# What is needed for USB type C support?

## filoo

I have a laptop HP HP ENVY x360 Convertible/81AD, BIOS F.23 12/28/2016 and I would like to have USB C supported (especially charging and display). I bought a Kensington USB-C Universal Dock 60W SD4600P. When connecting I get only all of the standard USB features (HUB, Ethernet, soundcard) - no charging, no external displays detected.

I've built mainline kernel 4.12.14 myself.

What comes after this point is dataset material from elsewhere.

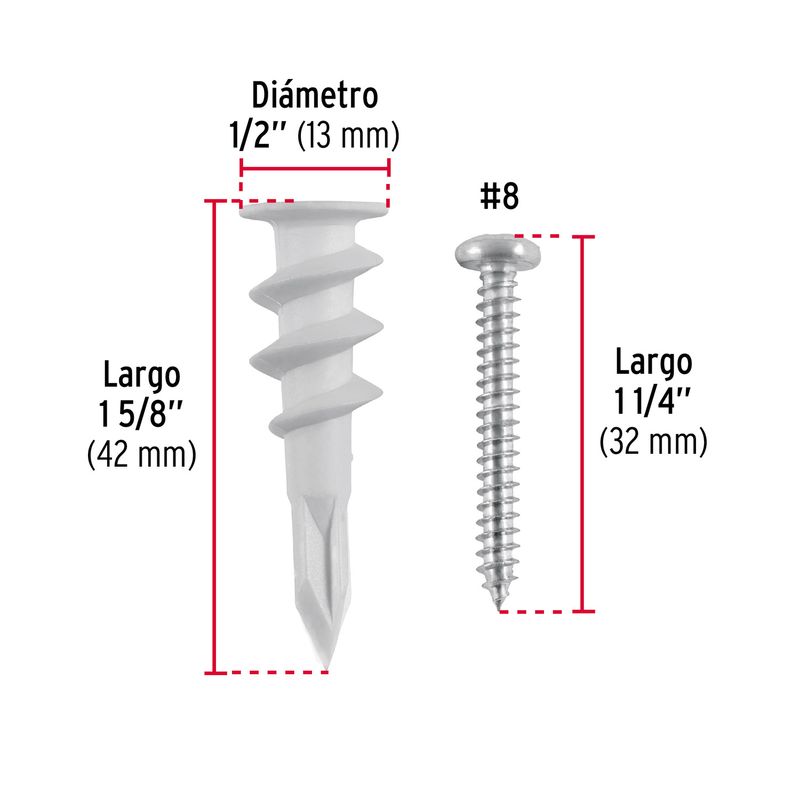 Juego-de-tacos-y-tornillos-de-1-2--para-yeso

Which options am I missing (or is USB C fully supported as of today)?

Thank you

lspci:

```

00:00.0 Host bridge: Intel Corporation Device 5904 (rev 02)

00:02.0 VGA compatible controller: Intel Corporation Device 5916 (rev 02)

00:04.0 Signal processing controller: Intel Corporation Skylake Processor Thermal Subsystem (rev 02)

00:13.0 Non-VGA unclassified device: Intel Corporation Device 9d35 (rev 21)

00:14.0 USB controller: Intel Corporation Sunrise Point-LP USB 3.0 xHCI Controller (rev 21)

00:14.2 Signal processing controller: Intel Corporation Sunrise Point-LP Thermal subsystem (rev 21)

00:15.0 Signal processing controller: Intel Corporation Sunrise Point-LP Serial IO I2C Controller #0 (rev 21)

00:15.1 Signal processing controller: Intel Corporation Sunrise Point-LP Serial IO I2C Controller #1 (rev 21)

00:16.0 Communication controller: Intel Corporation Sunrise Point-LP CSME HECI #1 (rev 21)

00:17.0 SATA controller: Intel Corporation Sunrise Point-LP SATA Controller [AHCI mode] (rev 21)

00:1c.0 PCI bridge: Intel Corporation Device 9d13 (rev f1)

00:1c.4 PCI bridge: Intel Corporation Sunrise Point-LP PCI Express Root Port #5 (rev f1)

00:1d.0 PCI bridge: Intel Corporation Sunrise Point-LP PCI Express Root Port #9 (rev f1)

00:1f.0 ISA bridge: Intel Corporation Device 9d58 (rev 21)

00:1f.2 Memory controller: Intel Corporation Sunrise Point-LP PMC (rev 21)

00:1f.3 Audio device: Intel Corporation Device 9d71 (rev 21)

00:1f.4 SMBus: Intel Corporation Sunrise Point-LP SMBus (rev 21)

01:00.0 Network controller: Intel Corporation Wireless 7265 (rev 61)

02:00.0 Non-Volatile memory controller: Samsung Electronics Co Ltd NVMe SSD Controller SM961/PM961

03:00.0 Unassigned class [ff00]: Realtek Semiconductor Co., Ltd. RTS522A PCI Express Card Reader (rev 01)

```

kernel config https://pastebin.com/7Hn27bDT

----------

## fedeliallalinea

See here

----------

## filoo

This helped a little. I have added PCI hotplugging and all possible Intel drivers.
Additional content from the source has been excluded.